Nie przestanę cię kochać, okej?

1.4K 101 88
                                    

Powoli sunęłam palcem po jego plecach...

-Ugh...

Sunęłam w dół, zapamiętując każdy szczegół.

-Boże...

Nie chciałam tego kończyć. Opuszkiem palca nadal dotykałam jego umięśnionych pleców... Ciekawe, czy naprawdę upadł przez zło panujące na ulicy... Ta rana... Rana Chata...

-Nie...

Powoli dochodziłam do końca. Spodnie. Wyobraziłam, sobie, że to kot. W ten sposób nie myślę o tym, jak o czymś dziwnym.

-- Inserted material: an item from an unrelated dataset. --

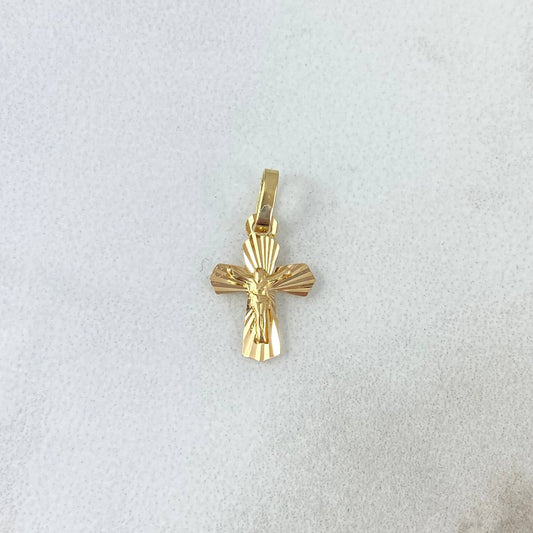 Dije Cruz Cristo 0.45gr / 1.6cm / Diamantada Oro Amarillo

Cała czerwona siedziała, patrząc się na śpiącego chłopaka.

-Cholerny Agreste!

Walnęła go poduszką, a ten podskoczył, budząc się

-Co do...

Szybko skłamała.

-Chrapałeś... Nie dało się wytrzymać...- Odwróciła się, zdenerwowana.

-Nigdy nie chrapałem, ale przepraszam. Hej, coś się stało?

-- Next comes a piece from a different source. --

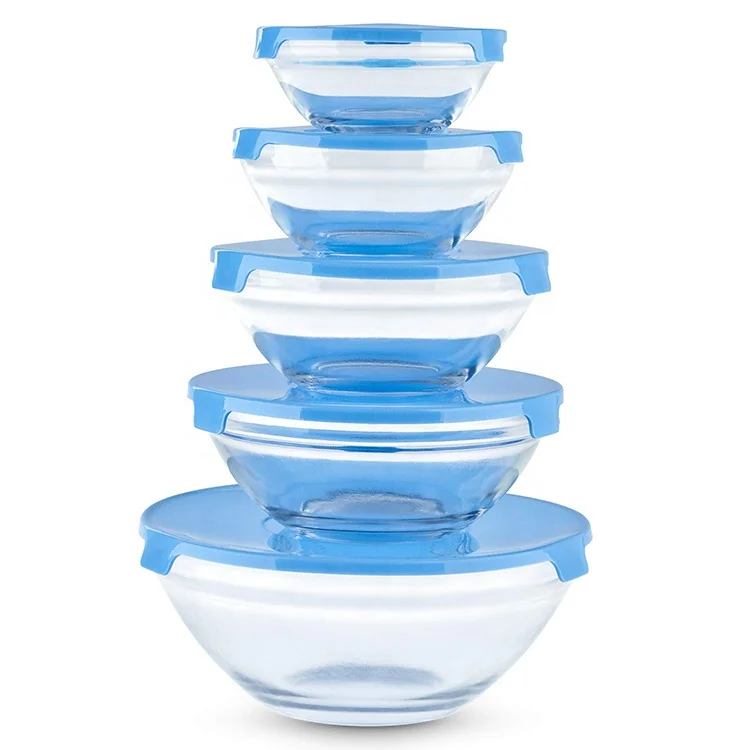 Tempered 5pcs Glass Bowl Set With Lids - Buy Bowl Set Glass,5pcs Glass ...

-To nie powinno się wydarzyć, Adrien.

-Marinette, ty nie rozumiesz...

-Mam chłopaka! Nie mam prawa dopuszczać do takich akcji!

-Więc co to było, to wczoraj? Kiedy mnie leczyłaś?

-Zamknij się!- krzyknęła, jednak chwile potem zamilkła.- To nic... Nic takiego. Sprawdzałam czy cię boli....

-Nie zdradzasz Chata ze mną, dlatego, że to ja...

Plagg w tym momencie odkuł ich. Patrzył się na nich, dźgając Adriena.

-Co do...- Adrien był kompletnie zdezorientowany.

-Plagg! Boże, co ci wpadło do głowy!?- krzyknęła Marinette z Irytacją, zapominając o tym, co chciał jej przekazać Adrien.

-Chciałem, żeby któreś z was zrozumiało. Pomogło?

-Pomogło...

-O JEZU TEN DEBIL TO OGARNĄŁ, BUAHAHAHA, NIE WIERZE- małe srworzonko zaczęło turlać się w powietrzu, śmiejąc sie. Jak ten tępy dziad mógł to zrobić przed Marinette?, myślał.

-Lepiej chodźmy.- Blondyn wstał, wpatrując się w nastolatkę. Wyskoczył z okna, a kiedy dziewczyna podbiegła do niego, klnąc, że co ten debil właśnie odwalił, jego już nie było. Skakał po dachach, wracając do swojej wielkiej, zimnej rezydencji.

Śmierdząca surykatka: Proszę, wróć.

Chat: Wieczorem, dobrze? Teraz jestem trochę zajęty.

Śmierdząca surykatka: Muszę ci coś powiedzieć. Znienawidzisz mnie.

Chat: Nic nie spowoduje, że nagle przestanę cię kochać.

Śmierdząca surykatka: Co powiesz na to, że zakochałam się ponownie w dwóch łudząco podobnych do siebie chłopakach na raz? Tylko jeden ma kocie uszy ;)

Nie wysłane

Śmierdząca surykatka: Obiecasz, że zostaniesz ze mną? Chociaż, nie powinnam nawet tego mówić...

Chat: Nie ważne co żeś tym razem odmiraculusowała, zawsze będę cię kochał.

Po jej policzkach spływały łzy. On ją tak kocha, a ona tak perfidnie go oszukała.